ABOUT THIS EXERCISE:
Which lines run from the one with "Close-up view of" through the end of the data? Retype them exactly, without pictures.

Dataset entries
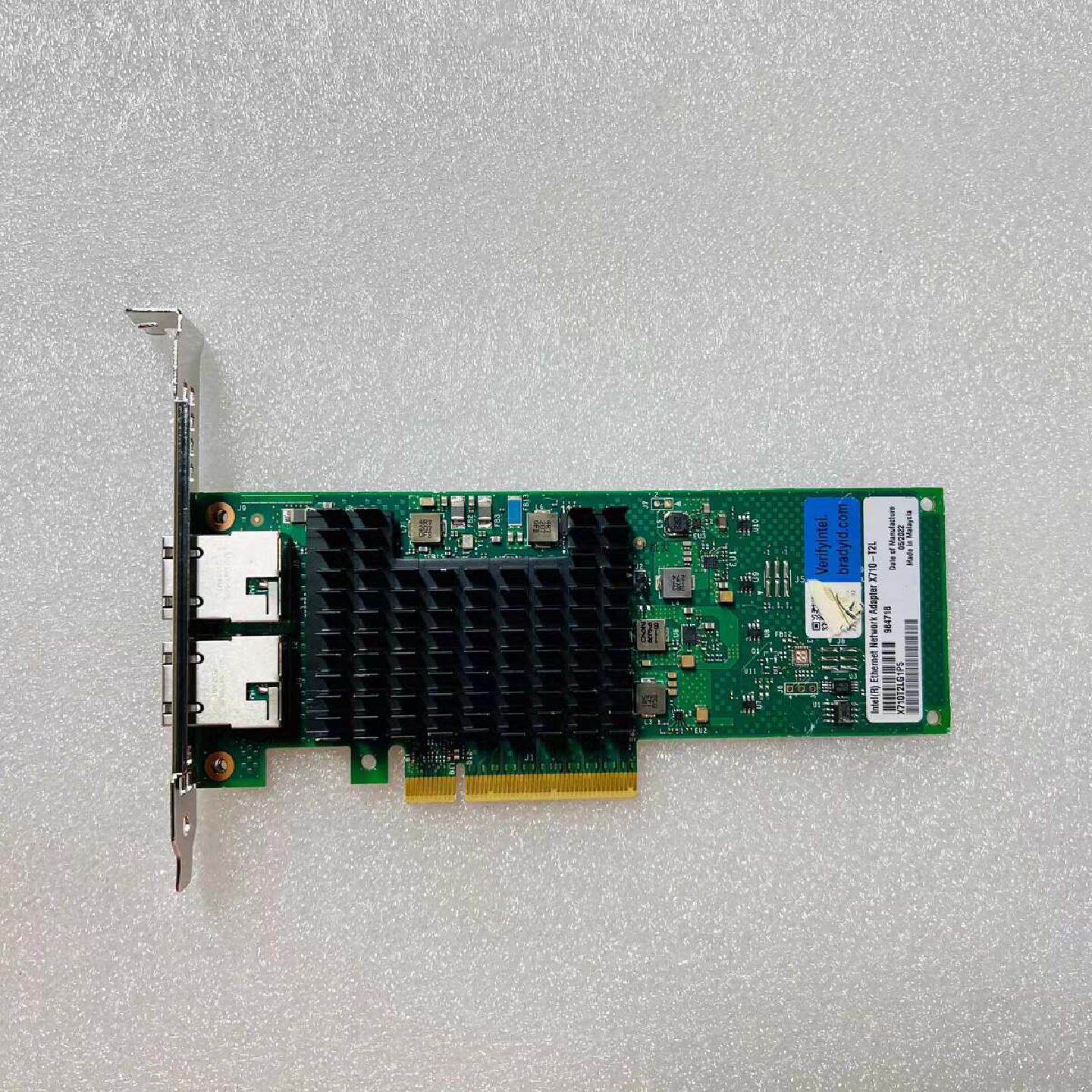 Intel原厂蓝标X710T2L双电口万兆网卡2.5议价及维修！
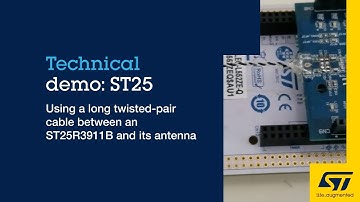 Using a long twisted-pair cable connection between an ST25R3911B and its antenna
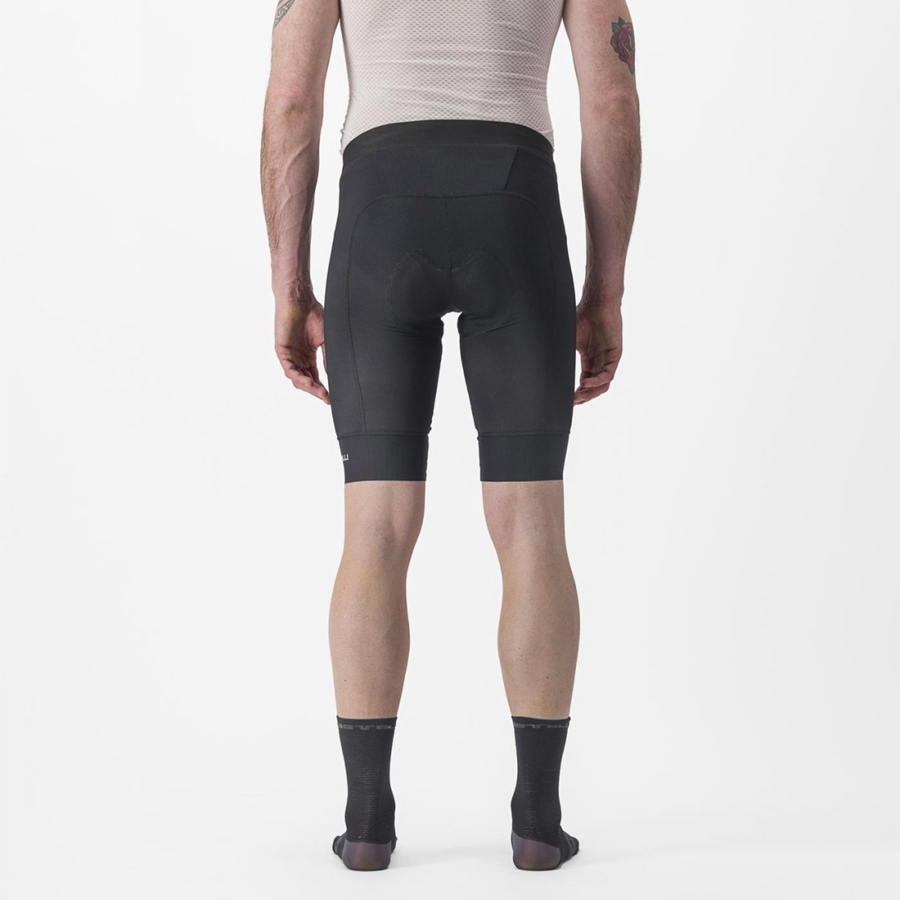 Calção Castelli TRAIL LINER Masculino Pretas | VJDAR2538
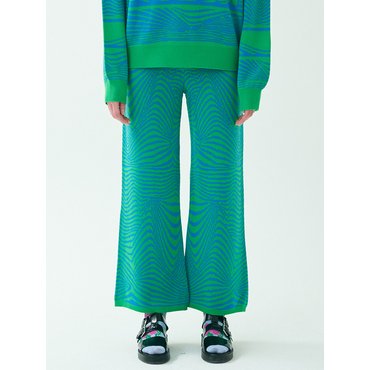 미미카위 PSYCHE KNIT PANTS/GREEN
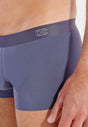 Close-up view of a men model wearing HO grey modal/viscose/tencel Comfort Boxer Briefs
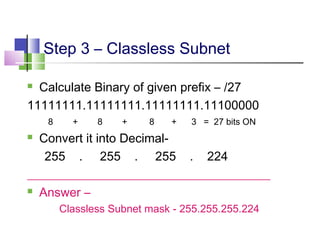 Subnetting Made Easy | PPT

SOLVED PROBLEM:
 Close-up view of a men model wearing HO grey modal/viscose/tencel Comfort Boxer Briefs
 Subnetting Made Easy | PPT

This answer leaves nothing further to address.